• What this task involves
Look below for the line containing "Spring Autumn Casual"; from there through the line containing "Pierścionek Diament 0,12ct białe złoto 4", both lines included, please set down each line exactly and nothing else.

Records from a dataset
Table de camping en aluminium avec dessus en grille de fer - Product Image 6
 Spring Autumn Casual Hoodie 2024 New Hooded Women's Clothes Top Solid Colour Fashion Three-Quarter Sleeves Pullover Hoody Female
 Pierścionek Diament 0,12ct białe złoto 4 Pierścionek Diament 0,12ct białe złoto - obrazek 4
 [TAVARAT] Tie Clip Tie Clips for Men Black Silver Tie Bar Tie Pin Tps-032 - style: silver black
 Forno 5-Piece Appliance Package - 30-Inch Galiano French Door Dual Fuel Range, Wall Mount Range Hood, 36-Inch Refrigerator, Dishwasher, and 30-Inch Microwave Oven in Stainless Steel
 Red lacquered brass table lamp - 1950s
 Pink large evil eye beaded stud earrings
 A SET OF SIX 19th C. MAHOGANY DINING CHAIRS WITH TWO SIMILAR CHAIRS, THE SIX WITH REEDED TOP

• Answer to the exercise
 Spring Autumn Casual Hoodie 2024 New Hooded Women's Clothes Top Solid Colour Fashion Three-Quarter Sleeves Pullover Hoody Female
 Pierścionek Diament 0,12ct białe złoto 4 Pierścionek Diament 0,12ct białe złoto - obrazek 4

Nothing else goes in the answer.